*** Opening Provided entries ***

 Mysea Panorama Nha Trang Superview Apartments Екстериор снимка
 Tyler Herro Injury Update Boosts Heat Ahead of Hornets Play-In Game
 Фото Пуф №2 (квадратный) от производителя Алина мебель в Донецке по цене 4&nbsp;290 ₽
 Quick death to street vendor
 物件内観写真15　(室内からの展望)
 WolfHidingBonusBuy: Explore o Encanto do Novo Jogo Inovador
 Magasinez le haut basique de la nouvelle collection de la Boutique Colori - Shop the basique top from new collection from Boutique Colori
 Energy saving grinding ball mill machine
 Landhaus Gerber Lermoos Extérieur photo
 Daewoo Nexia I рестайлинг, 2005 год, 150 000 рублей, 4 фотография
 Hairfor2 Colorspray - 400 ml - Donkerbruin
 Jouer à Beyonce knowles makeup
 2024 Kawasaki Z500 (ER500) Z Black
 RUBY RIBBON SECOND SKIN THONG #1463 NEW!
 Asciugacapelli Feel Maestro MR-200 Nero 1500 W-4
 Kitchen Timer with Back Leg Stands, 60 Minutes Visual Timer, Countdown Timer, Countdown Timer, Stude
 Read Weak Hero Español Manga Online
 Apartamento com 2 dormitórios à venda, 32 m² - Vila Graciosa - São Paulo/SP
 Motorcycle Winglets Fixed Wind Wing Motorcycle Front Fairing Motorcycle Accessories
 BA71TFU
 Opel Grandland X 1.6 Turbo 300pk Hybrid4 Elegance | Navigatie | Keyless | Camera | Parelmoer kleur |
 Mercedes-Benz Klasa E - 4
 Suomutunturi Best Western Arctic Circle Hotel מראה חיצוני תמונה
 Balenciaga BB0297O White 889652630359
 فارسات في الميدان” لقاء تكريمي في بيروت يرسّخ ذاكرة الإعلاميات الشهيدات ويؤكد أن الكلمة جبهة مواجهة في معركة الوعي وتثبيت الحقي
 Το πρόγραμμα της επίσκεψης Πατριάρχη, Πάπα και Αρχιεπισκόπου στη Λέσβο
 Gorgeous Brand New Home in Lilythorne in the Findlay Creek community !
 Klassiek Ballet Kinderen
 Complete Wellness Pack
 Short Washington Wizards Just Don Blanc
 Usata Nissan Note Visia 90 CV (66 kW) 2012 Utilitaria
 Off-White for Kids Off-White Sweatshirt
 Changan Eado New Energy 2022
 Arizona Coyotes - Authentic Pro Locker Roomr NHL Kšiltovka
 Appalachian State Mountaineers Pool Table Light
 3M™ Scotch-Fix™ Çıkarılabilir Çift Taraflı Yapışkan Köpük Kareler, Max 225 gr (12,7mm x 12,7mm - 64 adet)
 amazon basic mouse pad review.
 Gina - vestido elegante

*** Closing Provided entries ***

Aim of the task = Please go through the data above and copy each line containing the word "White".

The answer =
 Balenciaga BB0297O White 889652630359
 Off-White for Kids Off-White Sweatshirt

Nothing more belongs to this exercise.